Re: CR-49: XPath subset: Use subset not full XPath for Key and KeyRef from Andy Clark on 2001-02-16 (www-xml-schema-comments@w3.org from January to March 2001)

From: Andy Clark <andyclar@us.ibm.com>
Date: Fri, 16 Feb 2001 14:44:10 +0900
To: Jim Trezzo <jim.trezzo@oracle.com>
Cc: www-xml-schema-comments@w3.org, "Trezzo,Jim" <JTREZZO@US.ORACLE.COM>
Message-ID: <OF0E967050.7348EF94-ON872569F5.001A8EED@LocalDomain>

Jim,

The subset of XPath proposed for XML Schema by the working group does not
go far enough in limiting the allowed expressions. In fact, further
thoughts on the problem make me wonder whether using XPath at all for
identity constraints in Schema is a good idea. The following problems
highlight some of my concerns.

Problem 1: Qualifying Elements and Attributes

I asked for a clarification on this issue from the general XML Schema
community on the xmlschema-dev mailing list with no response. Perhaps I can
get a response from the www-xml-schema-comments readers.

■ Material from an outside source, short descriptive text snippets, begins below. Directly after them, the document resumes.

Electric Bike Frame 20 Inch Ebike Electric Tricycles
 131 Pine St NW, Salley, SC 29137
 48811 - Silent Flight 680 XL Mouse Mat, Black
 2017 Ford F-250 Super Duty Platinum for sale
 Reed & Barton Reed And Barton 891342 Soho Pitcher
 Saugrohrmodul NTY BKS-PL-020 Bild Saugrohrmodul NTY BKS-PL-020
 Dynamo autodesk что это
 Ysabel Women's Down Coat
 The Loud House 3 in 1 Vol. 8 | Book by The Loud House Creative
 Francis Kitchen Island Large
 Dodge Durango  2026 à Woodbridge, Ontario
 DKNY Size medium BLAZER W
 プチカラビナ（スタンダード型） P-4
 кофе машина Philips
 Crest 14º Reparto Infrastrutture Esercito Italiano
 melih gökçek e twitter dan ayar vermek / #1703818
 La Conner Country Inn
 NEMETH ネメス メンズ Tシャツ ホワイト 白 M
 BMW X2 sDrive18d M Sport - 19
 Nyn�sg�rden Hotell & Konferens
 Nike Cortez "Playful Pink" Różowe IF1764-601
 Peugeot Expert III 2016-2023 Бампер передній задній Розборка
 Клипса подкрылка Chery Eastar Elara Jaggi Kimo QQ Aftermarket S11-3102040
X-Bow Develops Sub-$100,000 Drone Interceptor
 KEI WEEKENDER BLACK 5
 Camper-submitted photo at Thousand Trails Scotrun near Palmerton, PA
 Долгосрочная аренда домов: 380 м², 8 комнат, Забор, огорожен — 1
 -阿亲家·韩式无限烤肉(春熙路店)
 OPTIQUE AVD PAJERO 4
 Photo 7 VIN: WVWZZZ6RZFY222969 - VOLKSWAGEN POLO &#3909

The problem involves an inconsistency between how element names are
referenced when the grammar specifies a target namespace. In this case, all
references to elements must be fully qualified. For example:

  <schema xmlns='...' targetNamespace='NS' xmlns:a='NS'>
    <element name='foo'>
      <...>
        <element ref='a:bar'/>
      </...>
    </element>
    <element name='bar'>
      <.../>
    </element>
  </schema>

However, an example of using identity constraints in the primer (report.xsd
in section 5) does *not* qualify the XPaths used when defining selectors
and fields. For example:

  <schema xmlns='...' targetNamespace='NS' xmlns:a='NS'>
    <element name='foo'>
      <.../>
      <unique>
        <selector xpath='bar'/>
        <field xpath='@baz'/>
      </unique>
    </element>
    <.../>
  </schema>

Is this inconsistency intentional? In other words, when the grammar has a
target namespace, should we assume that unqualified steps in the XPaths are
in the target namespace? What about when the content models are a mix of
target namespaces?

Problem 2: Ambiguous Element Step

Allowing the use of the descendant:: axis in XPaths used for selectors and
fields has several problems. The first relates to the ability of
implementations to support identity constraints in an efficient manner.
Without this axis, implementation of identity constraints is both
straightforward and efficient (even for streaming XML such as SAX).
However, allowing the descendant axis complicates the implementation for
serial processors.

The second problem relates to the fact that field values must be compared
in the value space based on the attribute/element's datatype. However, the
descendant axis introduces ambiguity. For example:

  <element name='foo'>
    <...>
      <element name='bar'>
         <...>
           <element name='bar'/>
         </...>
      </element>
    </...>
    <unique>
      <selector xpath='.//bar'/>
      <field xpath='@baz'/>
    </unique>
  </element>

Which bar element does the selector match? Both bar elements could declare
a baz attribute with different types.

Problem 3: Anonymous Element Names

This is perhaps the most troubling because XPath is not capable of
distinquishing between globally declared elements and anonymous elements in
a target namespace where the form default is unqualified.

-AndyC

Received on Friday, 16 February 2001 00:47:15 UTC